アダルトビデオの話をわざわざ文章にしてきたことで、だいぶ羞恥心が麻痺している自覚はありますが、そういう妙な恥じらいも無駄に残っています。そしてこの連載を始めたことで、邦画のラブシーンに対しても同じような恥じらいがあることに気が付きました。しかもこちらの場合、出演者と直接面識がなくても恥ずかしいのです。
たとえばこれまでに、『ビジランテ』で披露された篠田麻里子のカーセックスシーンや、『ナラタージュ』で松本潤と有村架純が結ばれるシーンなどについて書いてきました。そのどれに関しても様々な感想を抱きましたが、実のところ一番は「気恥ずかしかった」なのです。
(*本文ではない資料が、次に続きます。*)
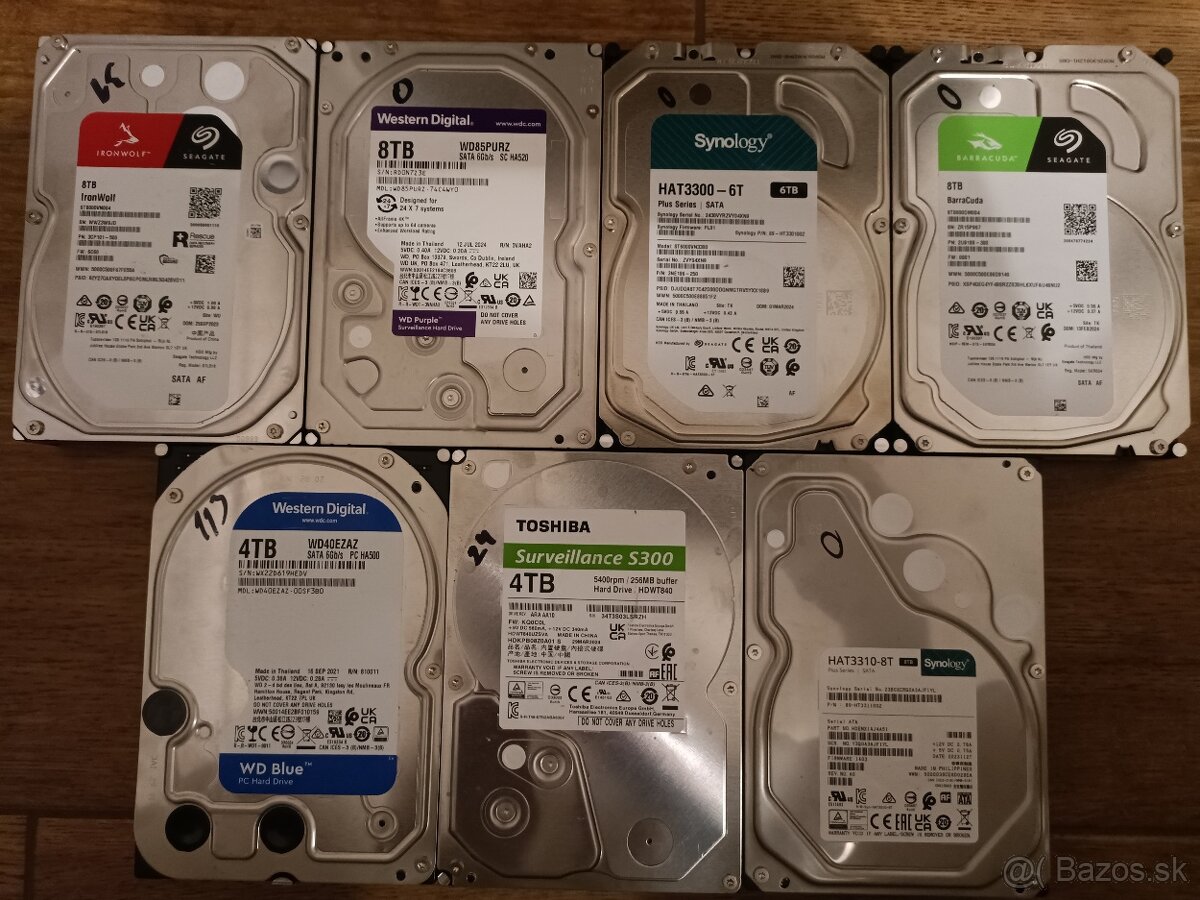 HDD disky 3,5"  4TB, 6TB, 8TB,....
(参考1:篠田麻里子、間宮夕貴、岡村いずみ……“濡れ場”に見る、女たちの強さ 姫乃たまの『ビジランテ』評/参考2:地下アイドル・姫乃たまの『ナラタージュ』評:全ては終盤のラブシーンのために)
もしかしたら私はテレビで頻繁に顔を見る人たちに対して、自分が思っている以上に親しみのようなものを覚えているのかもしれません。いままで「上司にしたい芸能人」とか「芸能人好感度ランキング」とか、面識のない人に対してそんな風に思うことが少しだけ腑に落ちなかったのですが、理解できた気がします。
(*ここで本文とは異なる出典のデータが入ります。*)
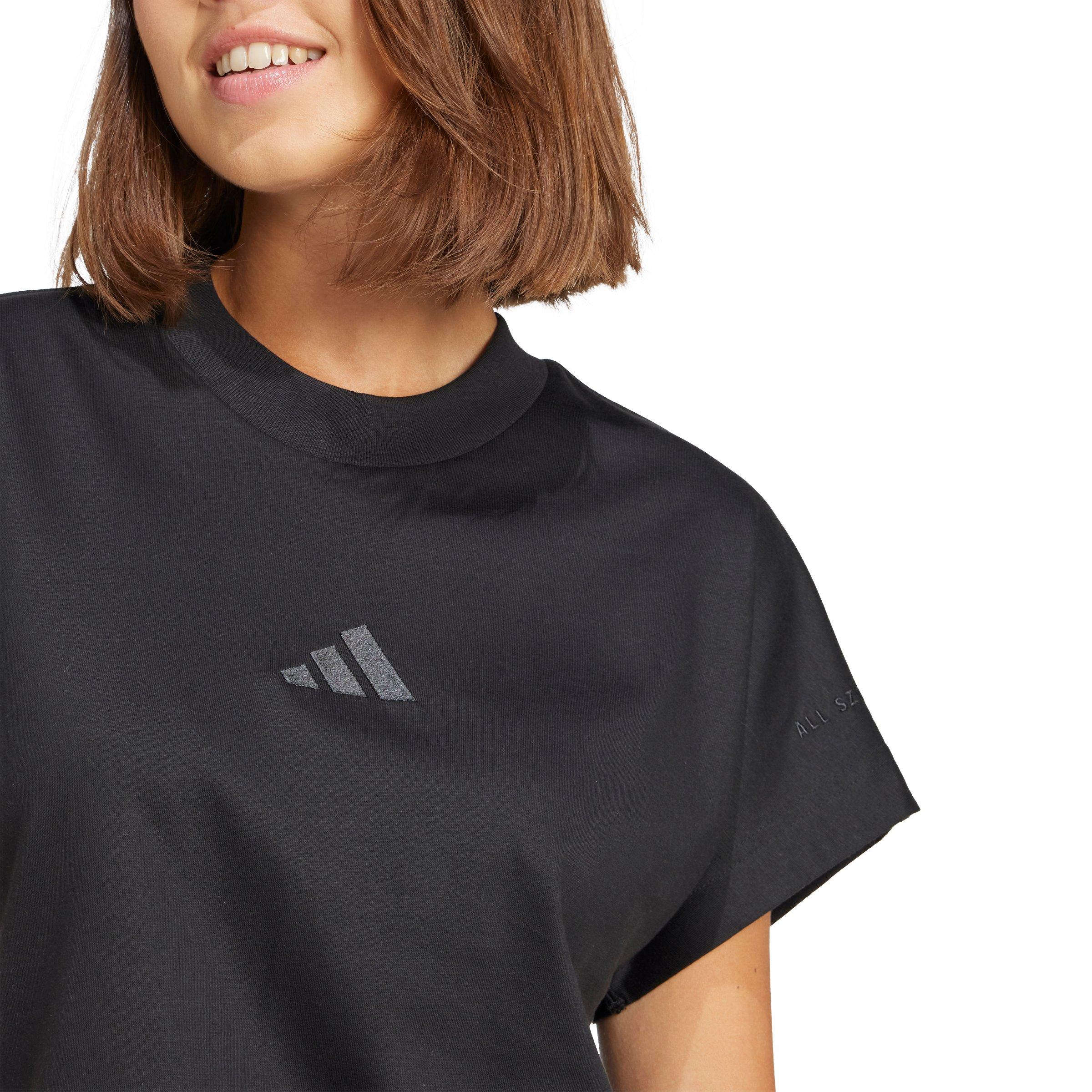 adidas Women's ALL SZN T-Shirt - Black - BLACK Thumbnail View 4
全国どこでも流れているテレビでの彼らと違って、映画館という限られた空間で観る彼らのラブシーンは、公の場では見せていない裏の顔を見てしまった感覚がします。それに、著名なアイドルや女優の場合、事務所による露出のレギュレーションがラブシーンから垣間見えるので、ますます申し訳ないような、有り難いような、恥ずかしい気持ちがするのです。
それなので、面識がない女優のアダルトビデオを観るのと同じように、これまで手放しで堪能できたラブシーンは、ギャスパー・ノエ監督の『LOVE【3D】』と、パク・チャヌク監督の『お嬢さん』でした。どちらも最高です。(参考3:芸術と猥雑の間にある、窒息するほどの“性“ーー姫乃たまが『LOVE【3D】』を観て考えたこと/参考4:“少女性”と“不自由さ”から生まれる官能ーー姫乃たまが『お嬢さん』のフェティシズムを考える)
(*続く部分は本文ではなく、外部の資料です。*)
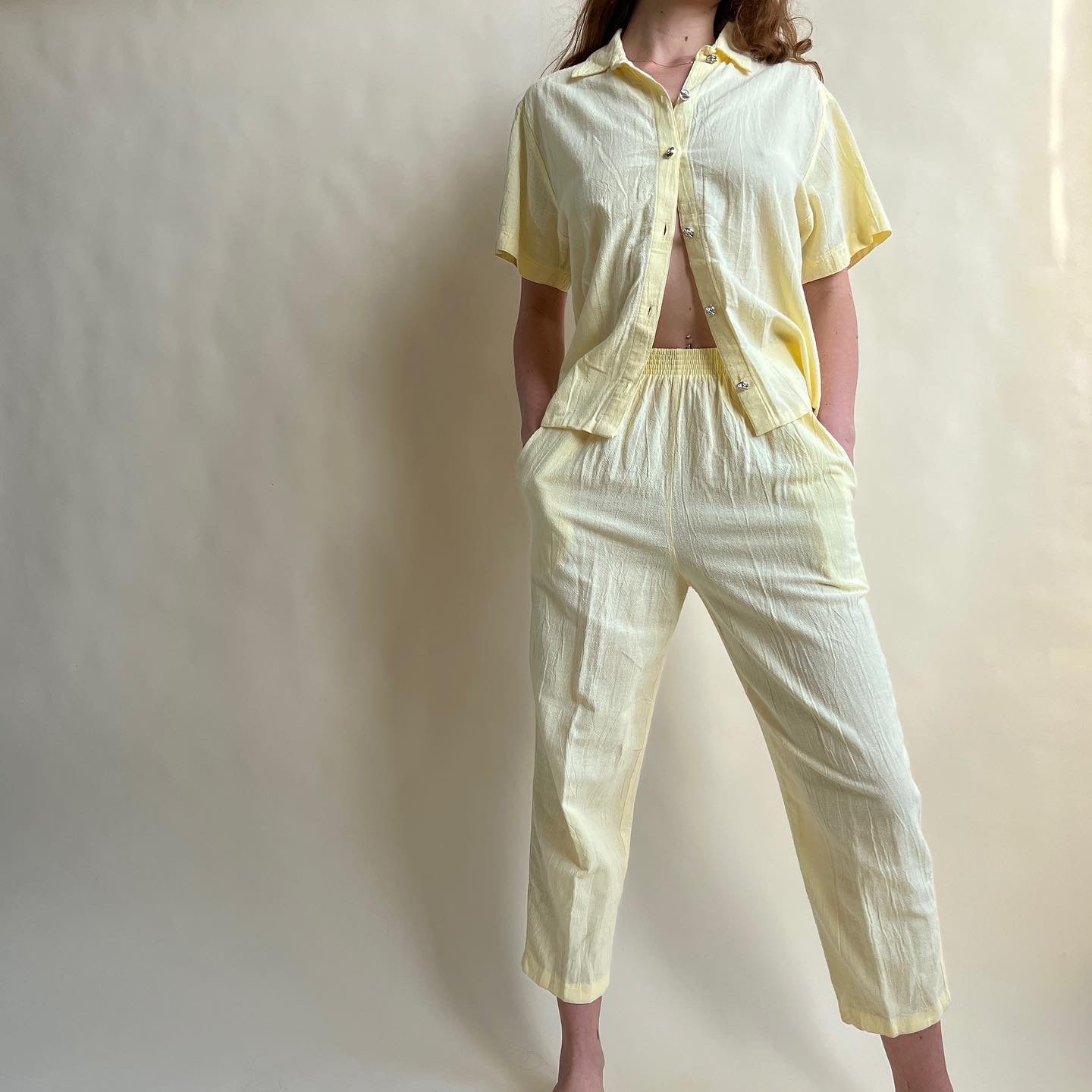 Vintage yellow cotton set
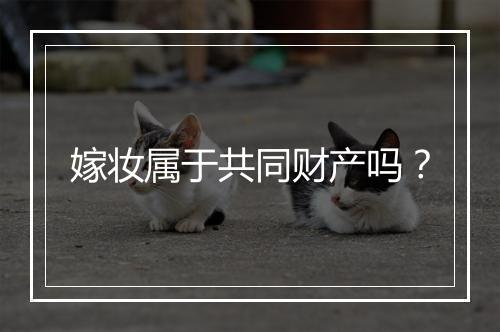 嫁妆属于共同财产吗？
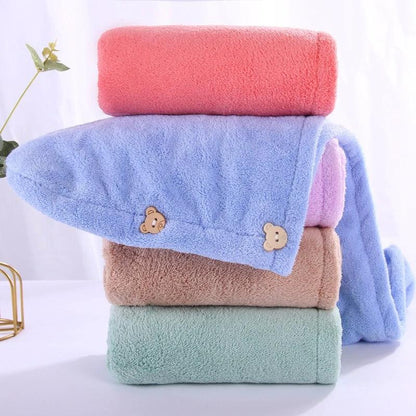 Super absorbent double-layer thickened coral velvet quick drying hair towel, shower cap, and headband towel by eprolo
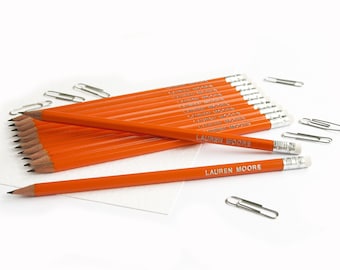 12 High Quality Personalised Pencils -Printed with Name - BURNT ORANGE (plus other colours)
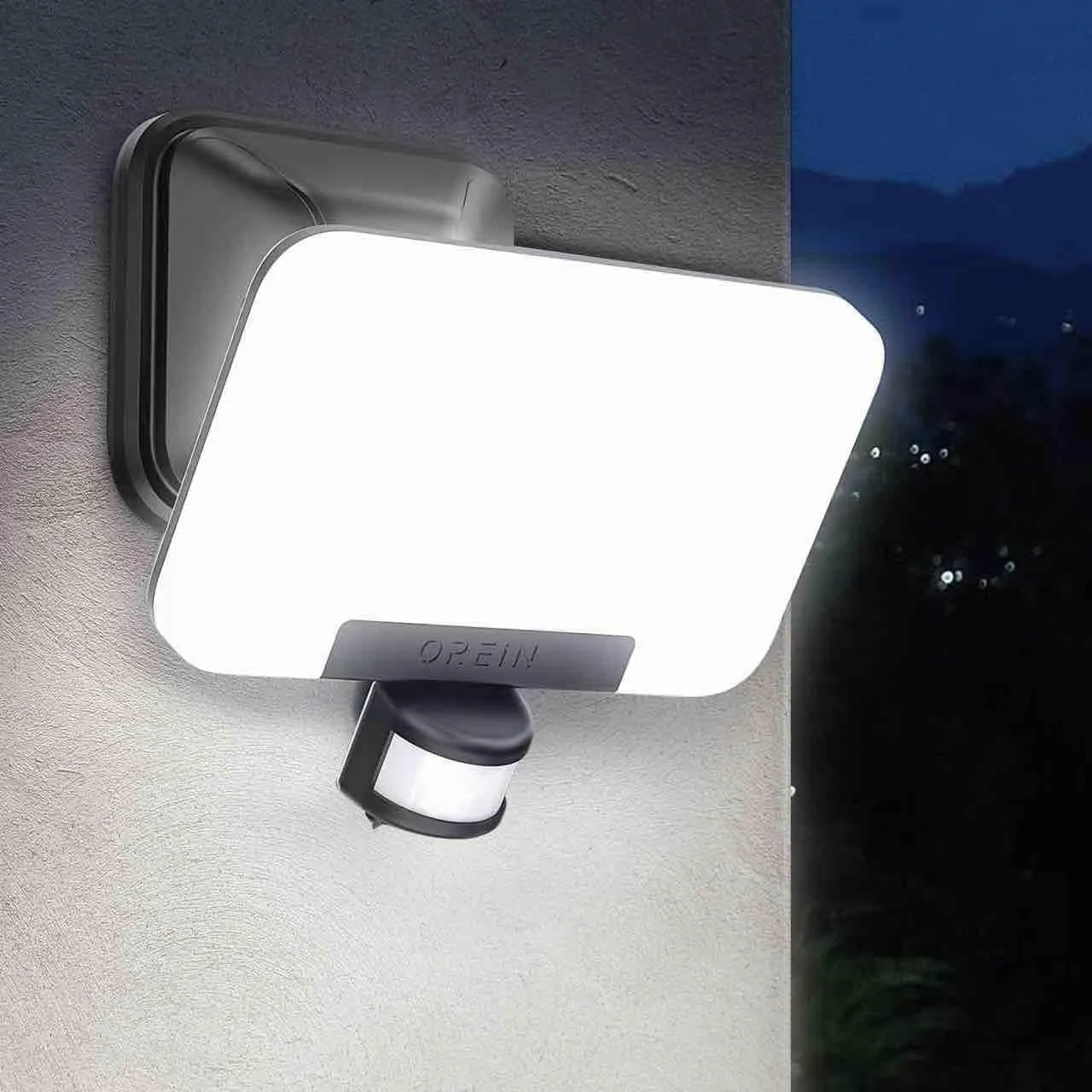 OREiN Led Strahler mit Bewegungsmelder Außen 3000LM, 2700/4000/6500K Warm-/Neutral-/Kaltweiß Superhell 27W Außenstrahle…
『LOVE【3D】』は若いカップルの思い出を回想する作品で、当然そこにあるべきセックスが描かれています。恋人同士の性と喧嘩がミルフィーユになって強烈に続くこの映画は、生理的な欲求を省かずに映画にするとどうなるか教えてくれます。なんと言っても、射精中の男性器をてっぺんから3D映像で映し出すカメラワークが最高で、いまでも時々夢にみます。